There’s an anecdote, possibly fictitious, about voting in Texas. Lyndon Johnson lost his first race for congress and heard that his opponent had put dead people on the rolls. When the next election rolled around, “Landslide” Lyndon figured there was no reason that dead Democrats shouldn’t be able to vote as well.

Johnson and a couple of his campaign workers went out to a cemetery the night before the election – so the story goes – and copied names off of tombstones and registered them to vote. One of the tombstones was particularly old, covered in ivy and the name – a long Polish one – was almost worn off by time. After struggling to decipher it, one of Johnson’s men gave up and said he was going on to the next one.

“You’ve got to figure it out,” Johnson is supposed to have turned around and yelled. “That man has as much right to vote as any body out here.”

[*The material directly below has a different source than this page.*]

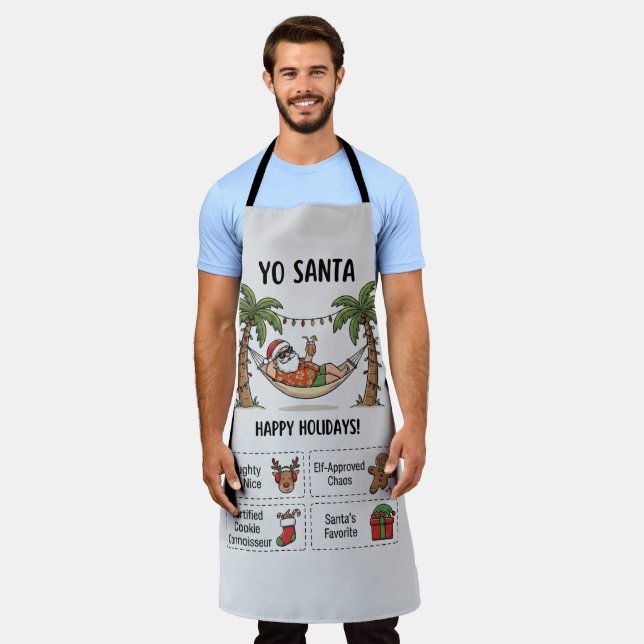 Tablier Yo Santa Drôle Été Noël Tropical Vacances (Porté)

If you’re alive enough to read this, you have more of a right to vote here than dead Texans do – contrary to what certain special interests in Santa Barbara County might think. Some north county politicians and groups like Concerned Taxpayers, Inc. protest loudly that UCSB students shouldn’t be allowed to vote, saying that they’re “transients, that they don’t live in this town long enough to vote. As vile as the idea of not letting people vote where they live is, these guys might have a point – except the point they’re making doesn’t jib with reality.

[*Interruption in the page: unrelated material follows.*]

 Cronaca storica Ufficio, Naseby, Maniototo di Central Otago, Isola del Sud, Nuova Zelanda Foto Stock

The average time it takes a UCSB undergraduate to earn a degree is a little over four years, and many students hang around after they graduate. This doesn’t set them apart from everyone else, since approximately 77,000 – or 60 percent – of the people who live in Santa Barbara County have been here for five years or less. Even if you subtract UCSB’s 17,000 undergrads, that still leaves about 60,000 people who are equally “transient.”

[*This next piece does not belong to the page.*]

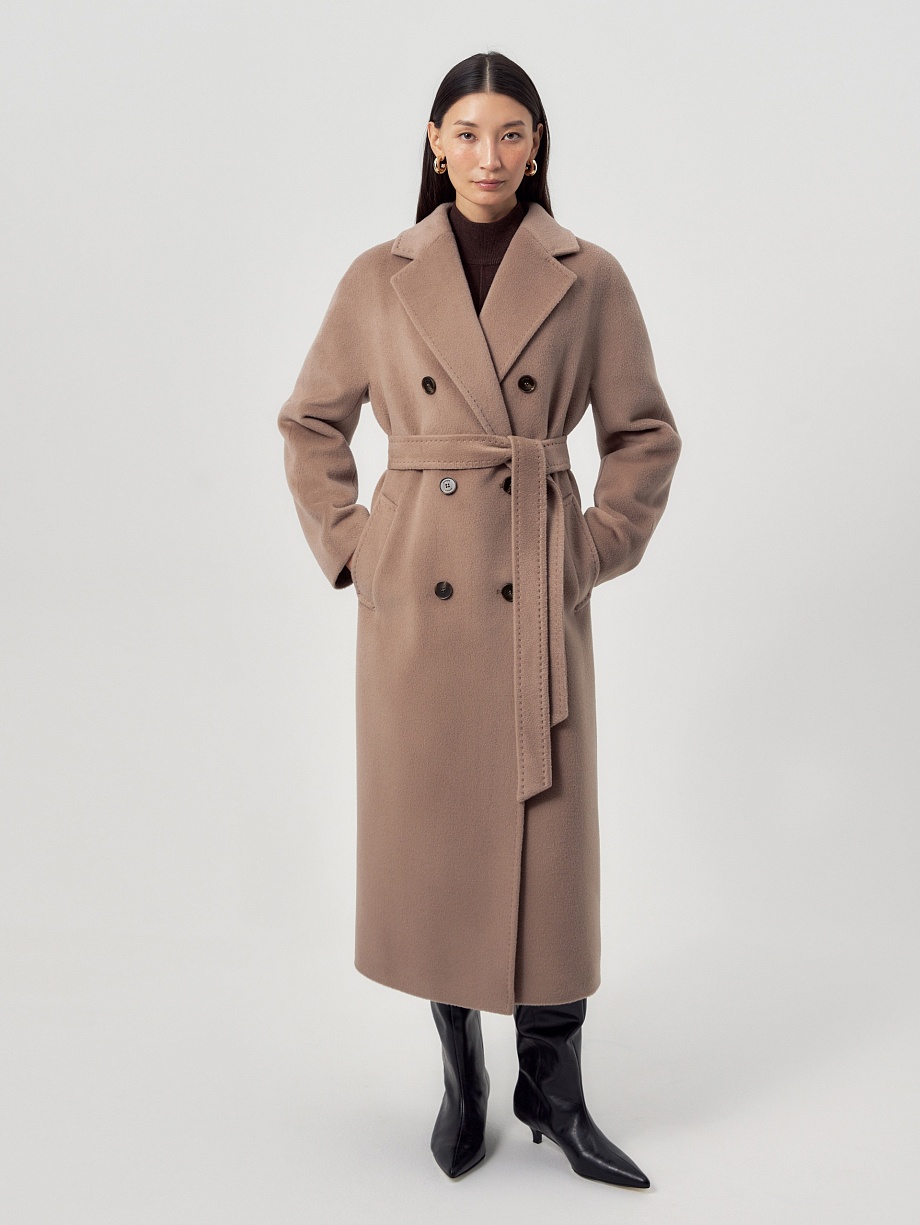 Пальто из шерсти и шелка с мембраной и утеплённой спинкой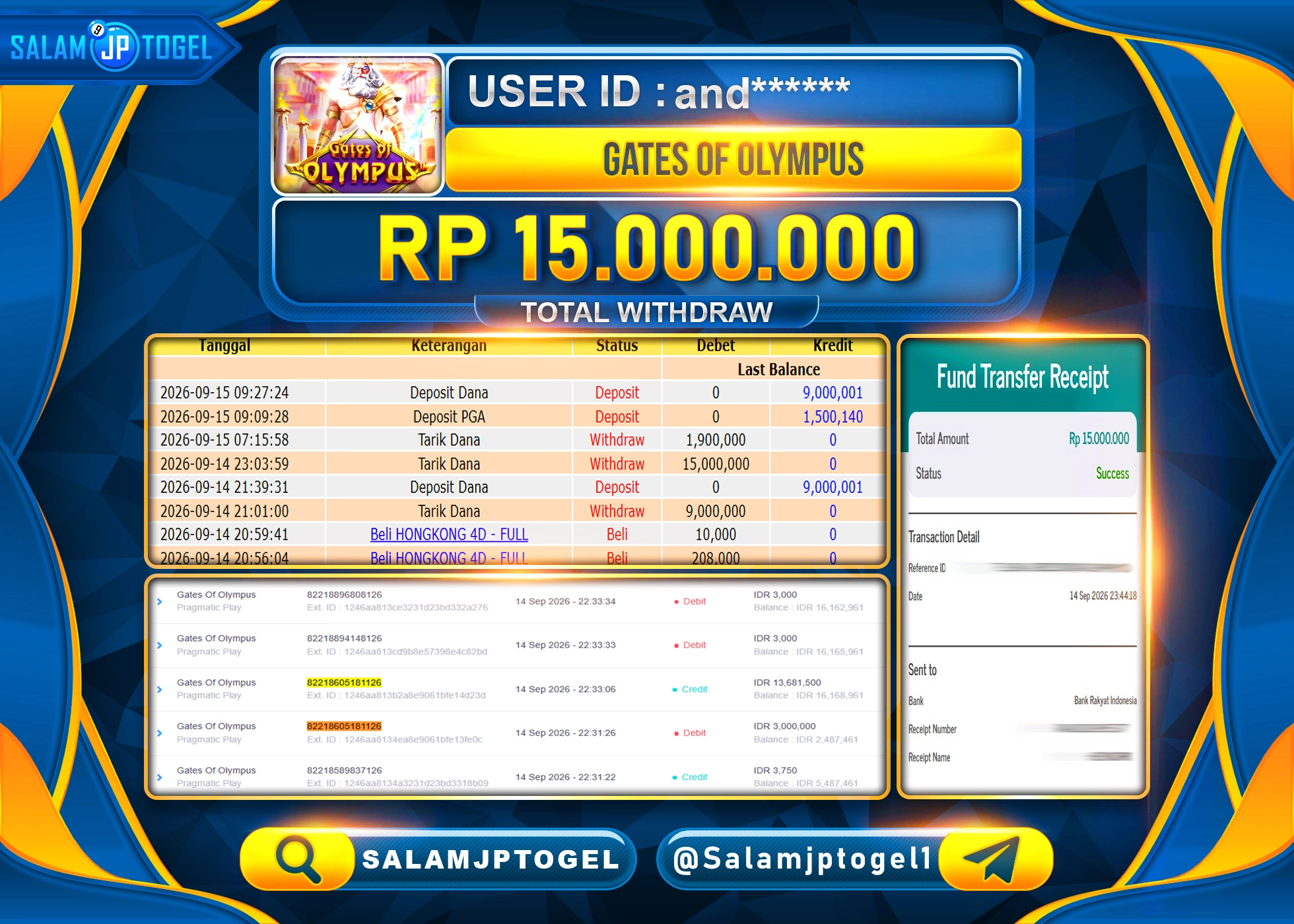 SALAMJPTOGEL JACKPOT MENANG SLOT GATES OLYMPUS Rp.15,000,000 - LUNAS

Plus, UCSB students have a lot at stake in any local election. Local politics effect how the laws are enforced (particularly this year, when a new sheriff is being chosen), if the streets get paved, and almost everything else pertaining to the quality of our lives. Not only should we be allowed to vote, it’s incumbent upon us to do so.

Besides, it’s not like anyone has to decipher your name off of a crumbling tombstone. All you have to do is care enough to make it to the polling place.